Monday, October 19, 2009
I've been avoiding my blog for the last couple of weeks now. All I've wanted to blog about was my Grandmommy and I just couldn't bring myself to do it for fear of the tears. I'm learning, though, that even when you think you'll never stop crying, you will. The tears will stop and the joy will return.
It's been 3 1/2 weeks since Grandmommy went to be with Jesus and I have cried everyday since her Homegoing. I hate it, but she was one of the most important people in my life, so cry I will. Tonight I washed my hair and happened to grab one of her towels. As I type I can smell her thanks to her towel around my head. :) I love that smell!

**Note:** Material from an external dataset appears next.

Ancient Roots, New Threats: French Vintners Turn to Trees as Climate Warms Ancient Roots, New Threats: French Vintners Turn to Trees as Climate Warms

Grandmommy was the most giving, selfless, sacrificially loving person I have ever and will ever meet. I could talk to her about anything. My talks with her are moments I will cherish for the rest of my life. She had 8 grandchildren, but when you were with her, she made you feel as if you were her only one. Gosh, I just love this lady. Our "thing" we always did together was to go grab a slice of pizza and a coke and just talk for hours. When each of the 8 grandkids were 5 years old, she and Granddaddy took us to Disney World. I've seen much of the world thanks to her. She was one of my biggest supporters in my mission trips, even though she thought I might be crazy for going. ;)
Most importantly, Grandmommy loved Jesus more than life. I know she is with Him now and is beyond ecstatic that her faith has become sight. I know I will see her again and until then, I'll be waiting for all this to be turned into dancing.